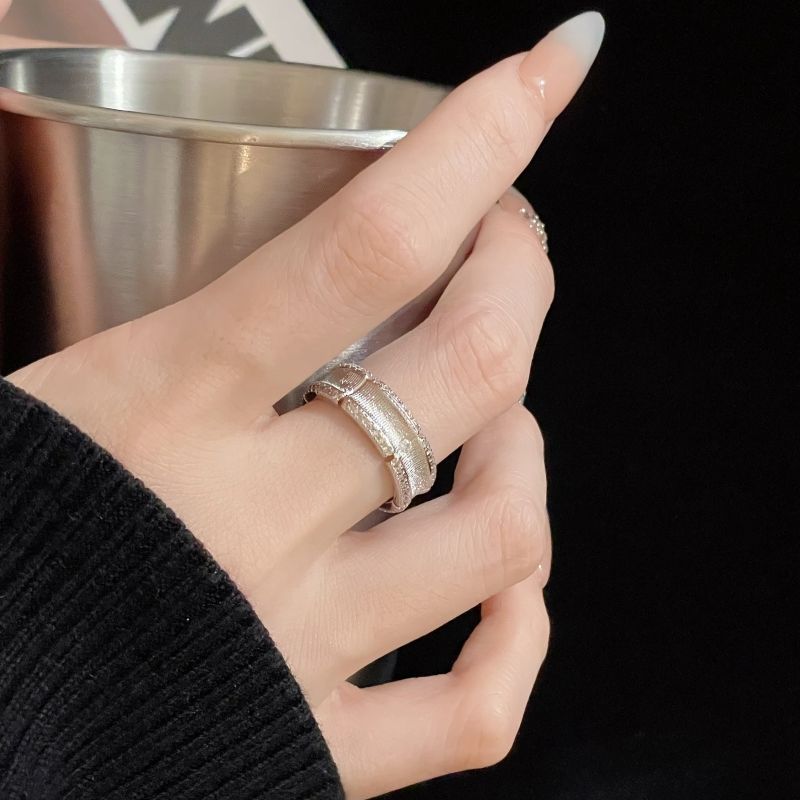 Modischer Gulas-Zirkon mit offenem, schlicht gestapeltem Nischendesign, High-End-Feeling, gepaartem Ring, leichtem Luxusring_voghion.com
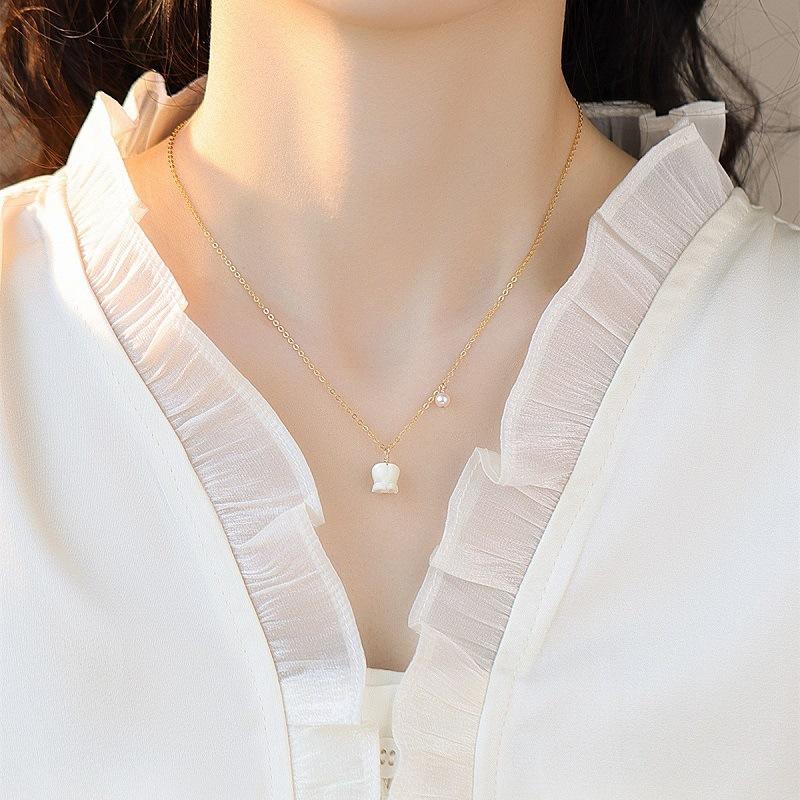 Natural freshwater pearl shell wind chimes flower pendant necklace niche design necklace adjustable collarbone chain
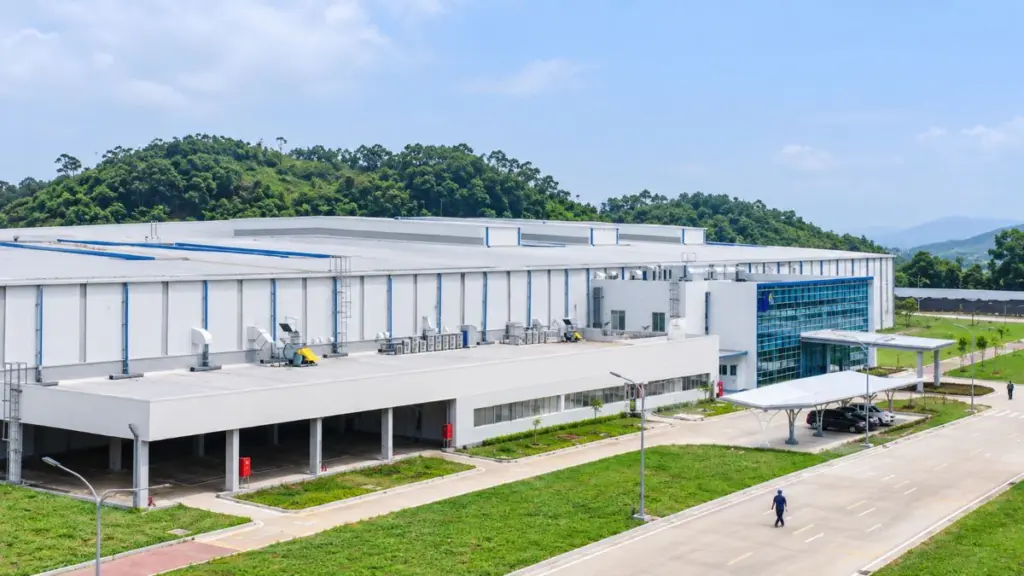 Nhà máy Núi Tiên cùng các doanh nghiệp Nghệ An chú trọng kiểm soát chất lượng, bảo đảm an toàn thực phẩm trong sản xuất đồ uống.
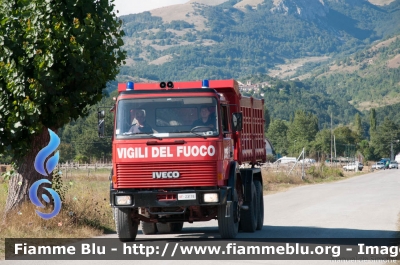 Iveco 330-35
Vigili del Fuoco
Comando Provinciale di Milano
Distaccamento Permanente di Monza
VF 23178

Parole chiave: Iveco 330-35 VF23178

★ ★ ★ ★

Retype all of the listing above exactly, but keep its pictures out.

**Response to the exercise**.
 Modischer Gulas-Zirkon mit offenem, schlicht gestapeltem Nischendesign, High-End-Feeling, gepaartem Ring, leichtem Luxusring_voghion.com
 Natural freshwater pearl shell wind chimes flower pendant necklace niche design necklace adjustable collarbone chain
 Nhà máy Núi Tiên cùng các doanh nghiệp Nghệ An chú trọng kiểm soát chất lượng, bảo đảm an toàn thực phẩm trong sản xuất đồ uống.
 Iveco 330-35
Vigili del Fuoco
Comando Provinciale di Milano
Distaccamento Permanente di Monza
VF 23178

Parole chiave: Iveco 330-35 VF23178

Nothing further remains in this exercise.